Леночка перестала плакать и высморкалась:

— Ты действительно так думаешь?

— Конечно, — заверил ее отец. — Ну-ка, возрази мне разок. Так, ради эксперимента.

— Да, папа, — послушно сказала Леночка. — А если не поучится?

— Нет, — заявила мать, — ты должна возразить нам по-настоящему. А не абы как, вполсилы.

— Но тогда вы должны мне что-нибудь строго приказать, — тяжело дыша от волнения, выговорила Леночка.

Отец выпрямился и сделал строгое лицо.

— Ну хорошо, я велю тебе немедленно сделать кувырок.

— Нет, — тихо проговорила Леночка, — я не хочу. У меня сейчас совершенно не кувырковое настроение.

Все трое замерли в напряженном ожидании, однако ничего страшного не случилось. И, с облегчением рассмеявшись, все обнялись. Отец оказался прав. Он действительно был умным человеком.

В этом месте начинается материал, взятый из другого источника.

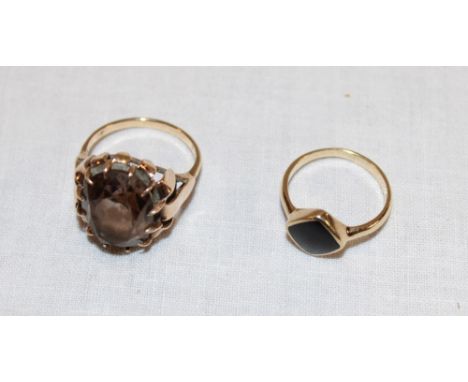 A 9ct gold dress ring set smoky quartz and one other 9ct gold dress ring set a black stone (7.2g) (2)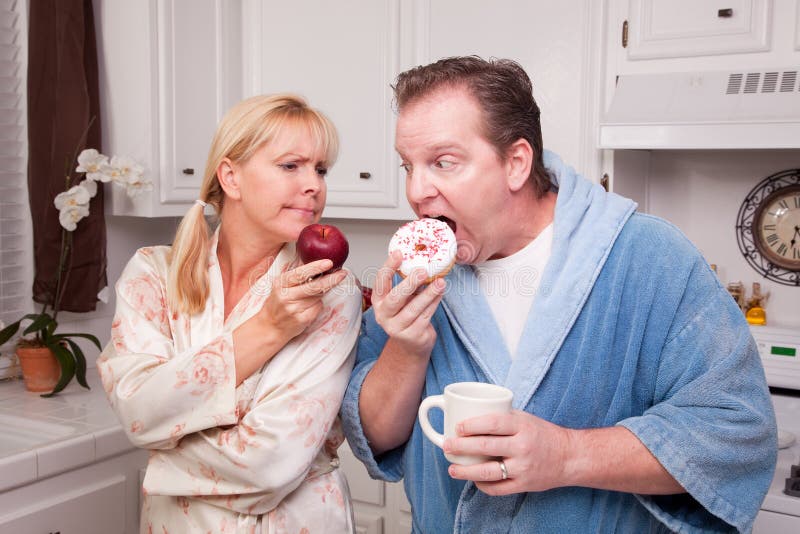 Fruit or Donut - Healthy Eating Decision stock photos Fruit or Donut - Healthy Eating Decision stock photos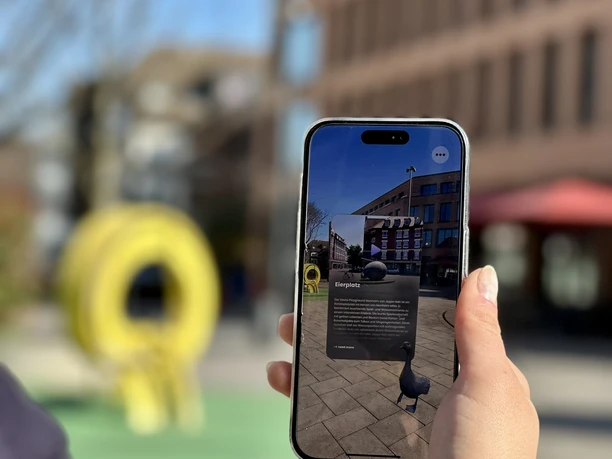 Stadtrallye.jpg Ein Smartphone wird draußen gehalten, das eine App mit Augmented Reality enthält, während im Hintergrund ein gelbes Kunstobjekt und Gebäudefronten sichtbar sind.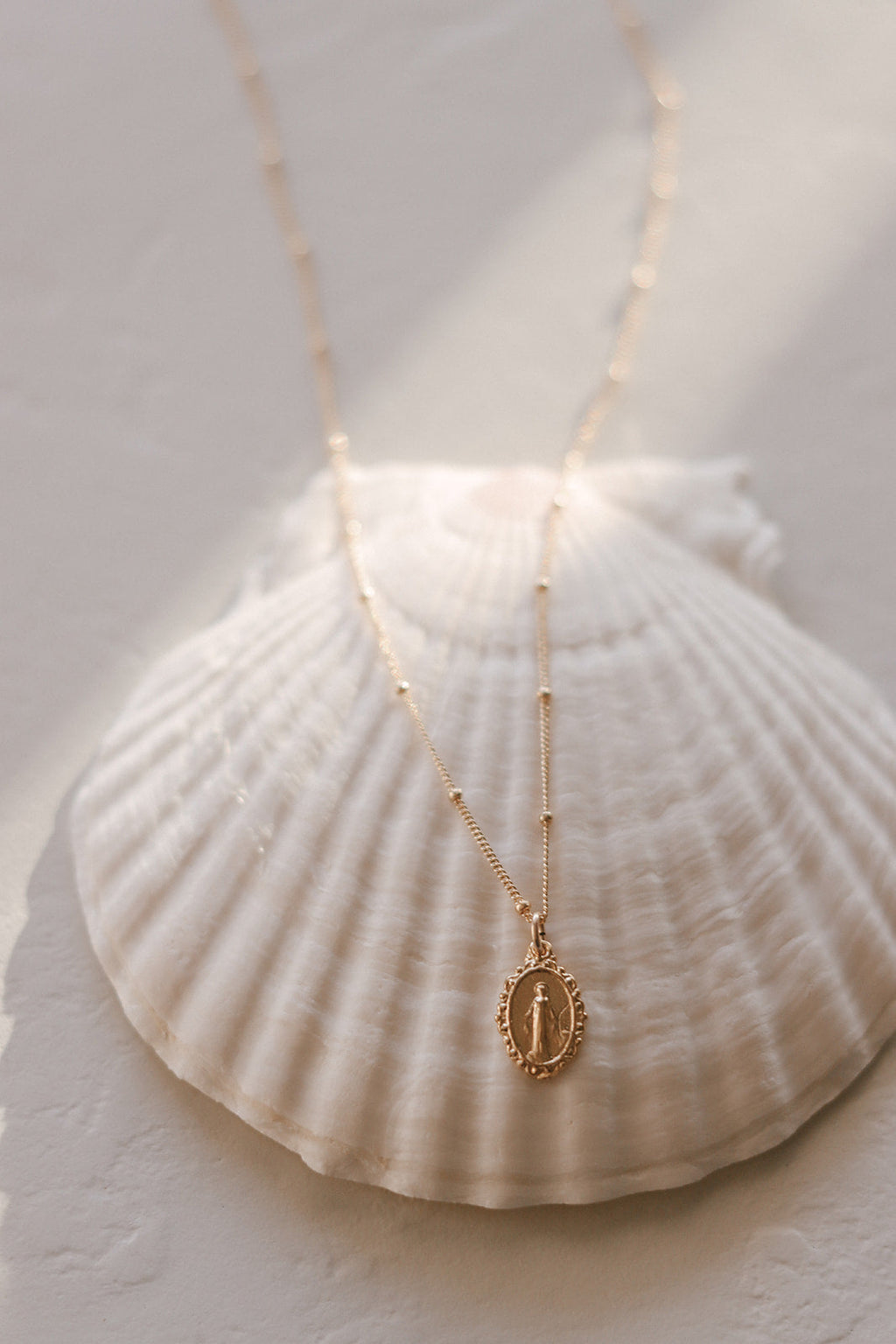 Intricate Miraculous medal necklace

Теперь они, собственно говоря, могли бы и забыть эту фантастическую историю. Но кое-какую пользу она все-таки принесла: отныне Леночка возражала родителям и родители возражали Леночке только в случае крайней необходимости, когда в этом действительно была нужда, а не просто так, из прихоти.

И поэтому впредь они жили в полном согласии друг с другом и порой с благодарностью вспоминали фею Франциску Фрагецайхен.

Ах да, не забудем напоследок сказать: Леночка куцыркалась потом с большим удовольствием — и по команде, и без нее.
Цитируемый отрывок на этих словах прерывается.